The Arrow seeks to explore politics in a broad sense of the word—societal issues, challenges, and questions that are political by nature. We have avoided the trappings of US electoral politics because our audience stretches beyond the US and because the teachings of Buddhism and other contemplative wisdom traditions transcend the narrow spectrum of political showmanship and stale ideologies that characterize this country’s electoral politics. However, in the context of the 2016 US presidential election, we feel that silence would be a form of complicity with harmful social and political systems.

The sad fact of this election cycle is that anyone who wants a more compassionate, egalitarian society will find a mixed champion in Hillary Clinton, and an absolute enemy of those values in Donald Trump. That Trump embodies egomania, delusion, greed, and violence in their purest forms is obvious. And yet there is a risk in uncritically validating the Clintonian worldview just because the alternative is unquestionably worse.

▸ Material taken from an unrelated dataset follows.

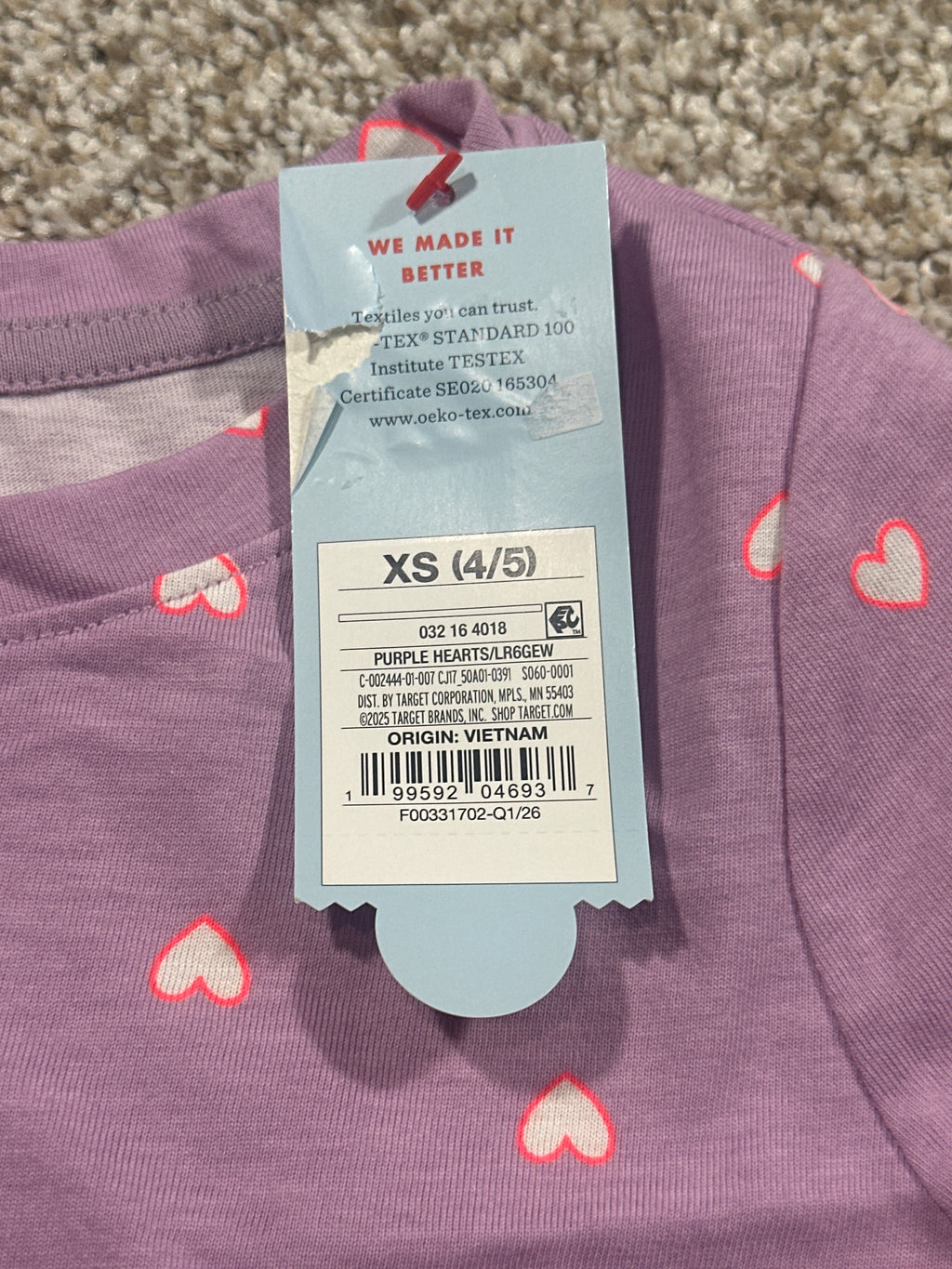 Cat & Jack girls purple hearts short-sleeve T-shirt, size XS (4/5)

In liberal circles, including contemplative communities, we’ve noticed a certain tribalism—qualitatively different than Trump’s racist xenophobia—that views Trump supporters as insane or ignorant rednecks and middle class liberals as compassionate and rational. Easy vilification of others—particularly working class Trump supporters or young third party supporters—obscures the real issues of our time, just as Trump’s rhetoric does. Beneath the “us-versus-them” narrative lies the structural inequality that encompasses all of society: lack of educational opportunities, dim prospects for meaningful work, and cultural values that perpetuate injustice and oppression against particular groups. It is within this skewed political climate that pressing emergencies like climate change, poverty, and mass incarceration receive little to no airtime beyond the occasional convenient sound bite exploited by both major political parties.

However, let us be clear: the politics of Donald Trump must be utterly and thoroughly destroyed. Wisely and compassionately destroyed with conviction in the basic goodness of Donald Trump and his supporters—but destroyed nonetheless. (As James Rowe puts it, “Racists are not white supremacy.” While the former “are deluded and often vicious” but still possess an “aching human heart,” the latter “should be ruthlessly expunged from the earth.”)

Trump’s outrageous statements about women, immigrants, and people of color during his campaign and in the past are horrific and dangerous, particularly because they have legitimated for some the public and vehement expression of racist, xenophobic, and sexist ideologies. But Trump’s statements, comments, and behaviors are not at all uncommon; in many ways they are ubiquitous.

Take, for instance, the most recent scandal that sent members of Trump’s party fleeing—his deplorable remarks that condone the objectification and sexual assault of women. We cringe because we hear these words on television and because they come from the mouth of a presidential candidate. But men say the same things—and worse—all the time. Men constantly refer to women in ways that normalize rape—online, on college campuses, in the military, as but a few examples. This is rape culture, one among many expressions of the violence of patriarchy. And as Kelly Oxford’s Twitter conversation so painfully demonstrates, sexual assault itself is equally ubiquitous, despite downward trends in recent decades.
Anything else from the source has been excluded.